Asquith Xavier, an ‘accidental campaigner’ for equality on the railway in the 1960s
But finding work was hard for many and met with racism. It came despite the government’s invitation to help bolster the country’s workforce after the war.
In the 1960s, Asquith Xavier was among those fighting for racial equality on the railway.
From the West Indies, Asquith became an ‘accidental campaigner’ when he ended a colour bar at infrastructure operator British Railways to become the first non-white train guard at London Euston station in 1966.
Asquith was already an experienced guard at Marylebone station when he applied for the job at Euston and his case is often seen as a precursor to the Race Relations Act in 1968, which made it illegal to refuse employment to people because of their ethnic background.
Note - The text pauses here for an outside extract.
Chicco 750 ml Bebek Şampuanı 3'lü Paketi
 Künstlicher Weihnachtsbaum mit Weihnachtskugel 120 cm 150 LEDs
In 2016, the BBC spoke to Asquith’s family as a plaque was unveiled at Euston in his honour.
Listen to the full story here.
Why is a diverse workforce important?
Differences among people lead to better – and safer – outcomes for the company and the passengers we serve.
Cultural Fusion is an important part of our diversity strategy, helping us reach about 40,000 employees. Sharon says it aims to create an organisation that embraces equality and diversity, in which everybody feels valued and can excel without limitations.
Cultural Fusion’s membership has grown by more than a fifth in the past year to 717 people. It started with just two members in 2013.
Its recent activities have included regular virtual tea breaks for its members, where it encourages discussion about issues such as Black Lives Matter, racism and mental health.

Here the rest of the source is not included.